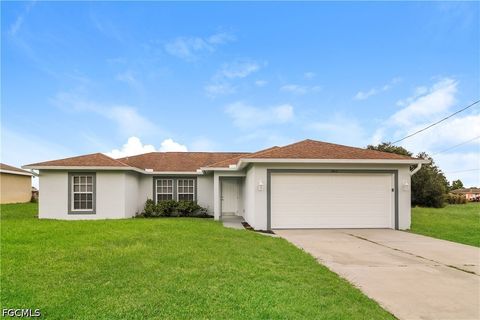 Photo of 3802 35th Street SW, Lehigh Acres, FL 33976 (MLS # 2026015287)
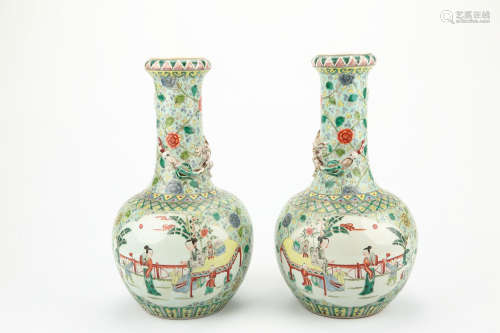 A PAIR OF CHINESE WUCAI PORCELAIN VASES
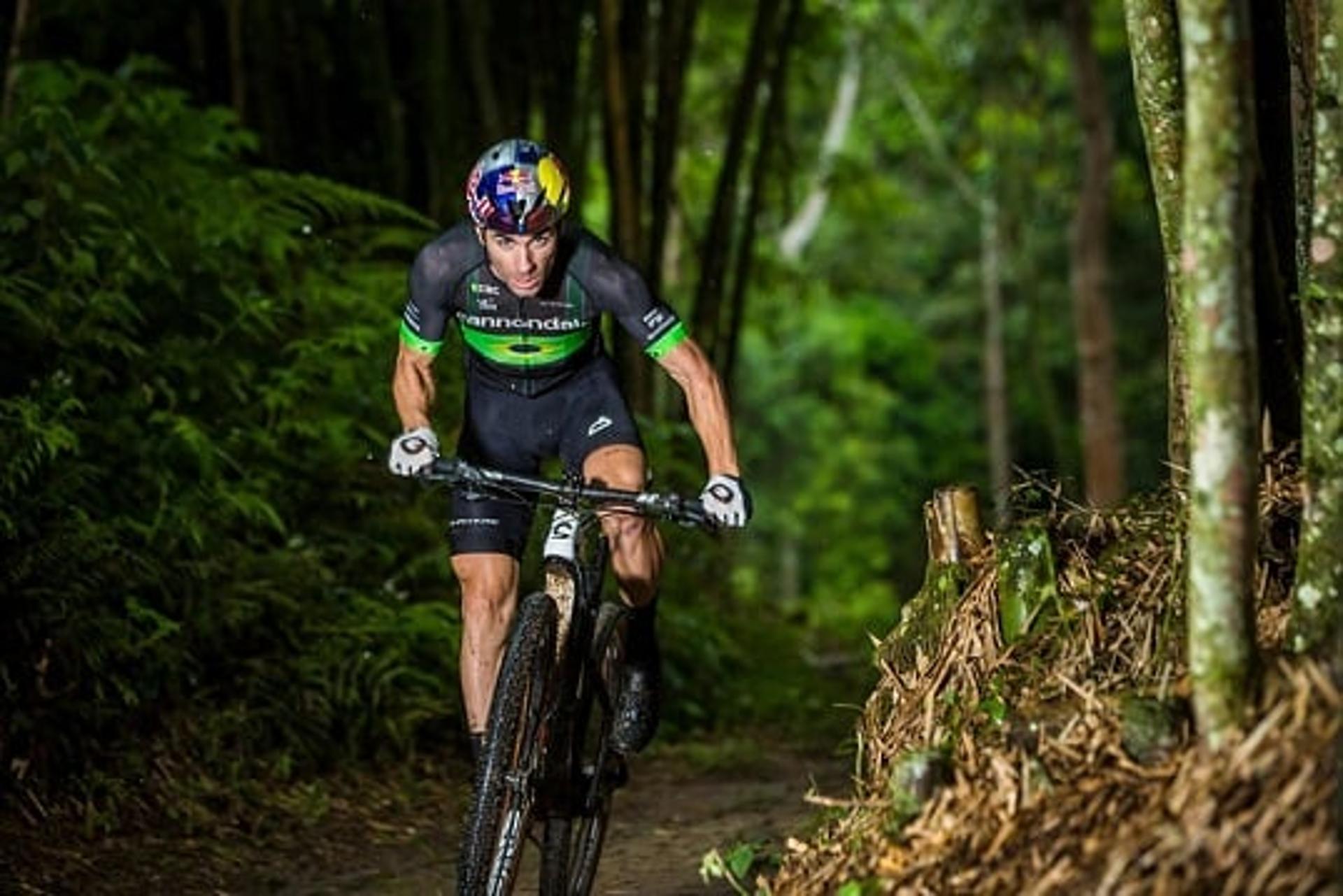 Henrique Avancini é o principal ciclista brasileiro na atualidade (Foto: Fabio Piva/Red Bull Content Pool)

■ **Activity**:
Take the line with "A PAIR OF CHINESE WUCAI PORCELAIN VASES" and every line after it through the end of the data, and write only them out exactly, leaving out the pictures.

■ **Answer section**:
 A PAIR OF CHINESE WUCAI PORCELAIN VASES
 Henrique Avancini é o principal ciclista brasileiro na atualidade (Foto: Fabio Piva/Red Bull Content Pool)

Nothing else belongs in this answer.